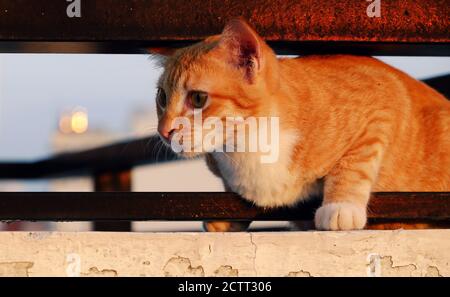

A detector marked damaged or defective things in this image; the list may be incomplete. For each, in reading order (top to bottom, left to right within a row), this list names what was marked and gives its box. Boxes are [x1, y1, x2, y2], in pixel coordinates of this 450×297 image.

rusty metal bar [0, 0, 448, 55]
rusty metal bar [0, 191, 448, 221]
peeling paint [0, 260, 33, 276]
peeling paint [163, 254, 204, 276]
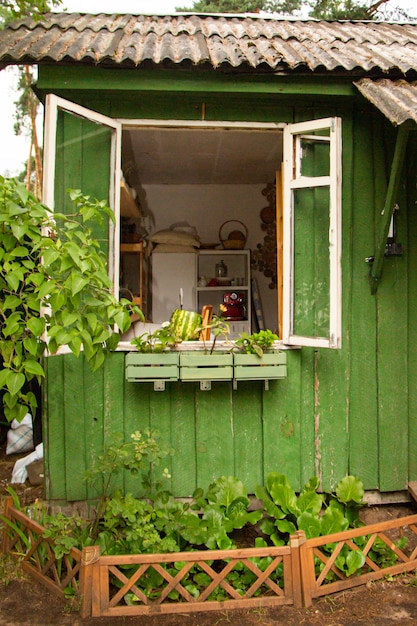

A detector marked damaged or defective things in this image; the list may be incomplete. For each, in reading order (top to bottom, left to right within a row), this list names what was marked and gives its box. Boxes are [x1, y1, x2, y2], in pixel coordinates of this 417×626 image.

rusty metal roof sheet [0, 13, 416, 75]
rusty metal roof sheet [352, 77, 416, 125]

---*---

▶ WORK TO BE COMPLETED:
Everything from the line with "this 417×626 image." to the last line of the entries is to be written out exactly; omit all earlier lines.

▶ RESULT OF THIS TASK:
A detector marked damaged or defective things in this image; the list may be incomplete. For each, in reading order (top to bottom, left to right within a row), this list names what was marked and gives its box. Boxes are [x1, y1, x2, y2], in pixel coordinates of this 417×626 image.

rusty metal roof sheet [0, 13, 416, 75]
rusty metal roof sheet [352, 77, 416, 125]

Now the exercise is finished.